Innovation – Genuine or Not?
On Tuesday 8 August 2017, ABC News broadcasted a program detailing the growth of artificial intelligence and automation (you can watch the ‘AI Race’ on IView if you missed it).
Starting with self-driving trucks, the program explored the depth and breadth of both duties and entire jobs that are at risk of being made obsolete by the ever-growing capabilities of artificial intelligence.
Alongside the program, the ABC partnered with think tank, AlphaBeta, to create a resource where people can identify the percentage chance of their current job being replaced by AI. (In case you’re wondering, a Headmaster only has a 13% chance of being replaced by a robot so you may be stuck with me for some time yet.)
One statistic that was particularly concerning was this: up to 60% of today’s university students are studying for a job that will most likely not exist in 30 years’ time.
It was both affirming and frightening to hear that the scenarios we created for a world of 2028 back in 2014, are coming to pass.
The message is clear: students must be prepared for a future vastly different to the world we know today and schools have an ethical responsibility to equip them.
There’s no shortage of schools trying to meet this challenge head on. You can’t turn on a radio without hearing an advertisement espousing that a particular school is “innovative”.
The proof, however, is in the pudding. Anyone can claim to be an innovator but can they back it up? Innovation in a school isn’t funky furniture, Ipads or laptops.
Recently I was visiting a school in another part of Queensland that had begun a program similar to our own Entrepreneurs Club.

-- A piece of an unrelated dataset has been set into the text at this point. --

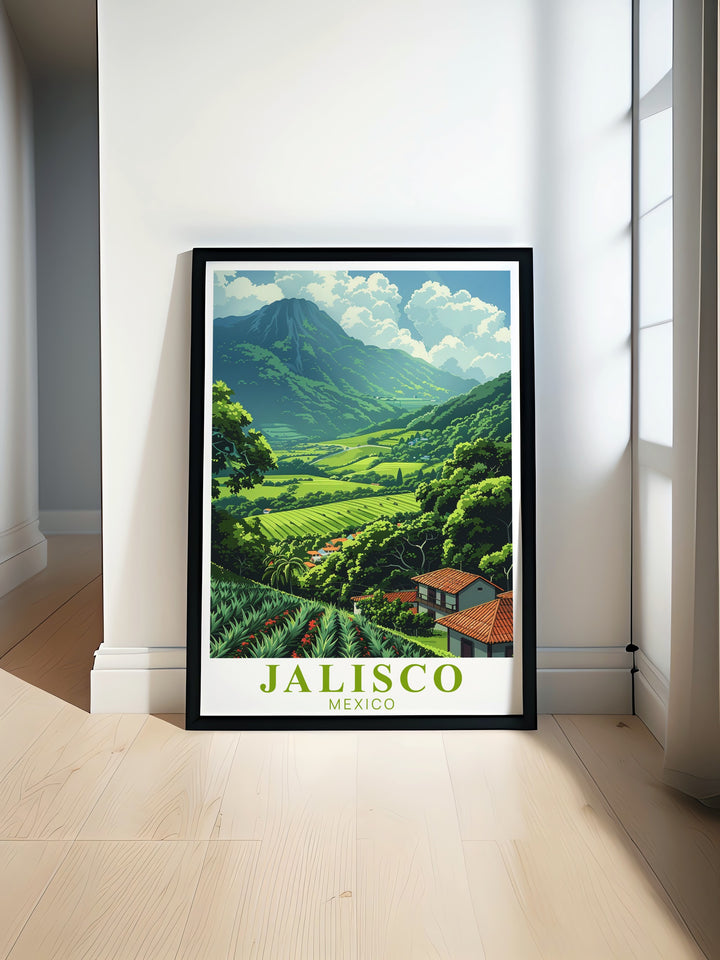 This Jalisco travel print highlights the iconic Tequila Landscape, offering a modern and stylish take on one of Mexicos most famous regions. A stunning addition to your home, this poster celebrates the beauty and history of Jalisco.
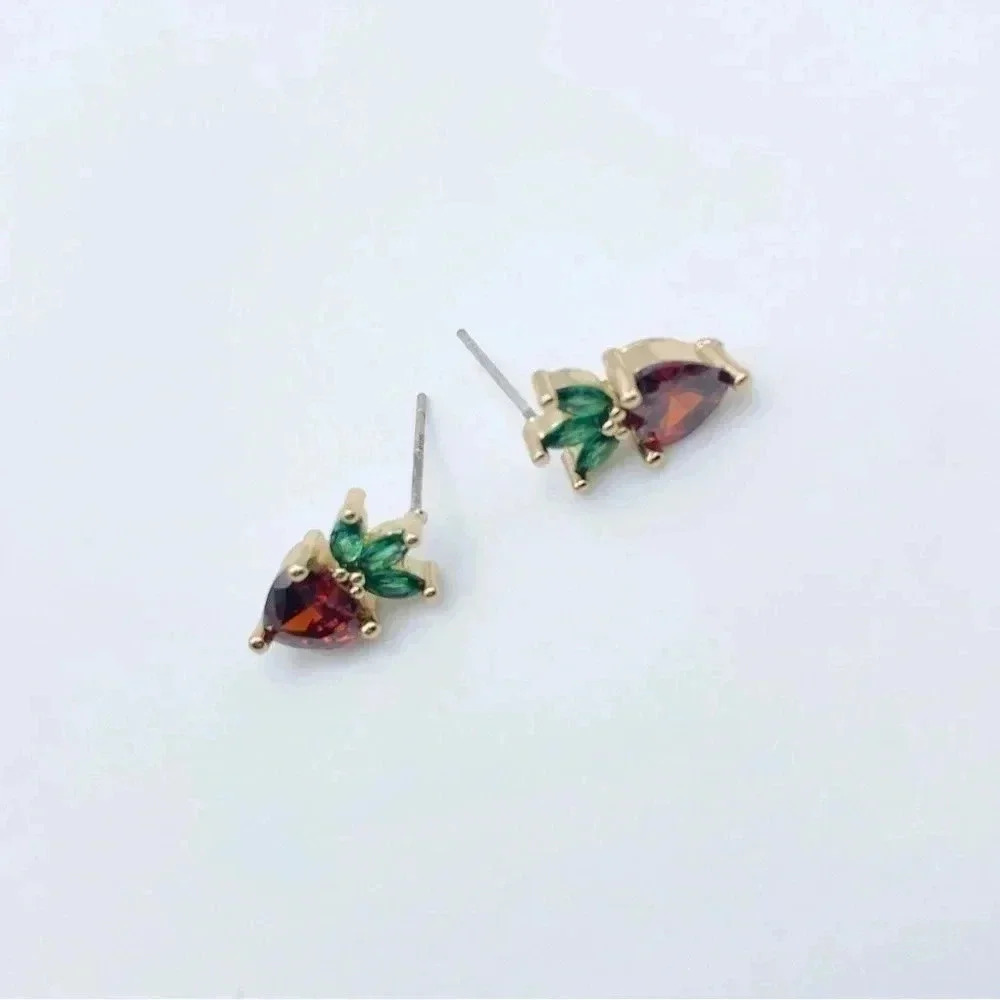 Petite Strawberries Stud Earrings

On the surface it sounded the same, but when I asked the children whether they enjoyed the program their responses were eye-opening.
In short, they disliked it. They saw it as a waste of time and weren’t engaged fully. They felt their time could have been far better spent studying for exams to ensure they got a better OP.
As I said, it’s easy to claim to be innovative but does the rhetoric match the product?
This is where, I believe, St Paul’s stands apart. Rather than having a Damascene conversion on this concept, we have been working towards preparing our students for an uncertain future for some time. And this is where our Learning Realms really come to the fore.
Rather than working in a vague concept of something like “innovation”, the Realms help promote the mindsets and characteristics that will help students be prepared for this uncertain future. They help students develop skills not replicable by robots: empathy, collaboration, cross-cultural perspectives and resilience.
Above all – we help our children learn to think. Learning to memorise facts is one thing, but thinking for yourself and being creative? That’s a cut above.
I encourage you to visit a class sometime and see for yourself the calibre of discussion, learning and collaboration taking place.
The truth is, an education worth having is about more than fancy classrooms or exciting titles. It’s the depth of learning that takes place.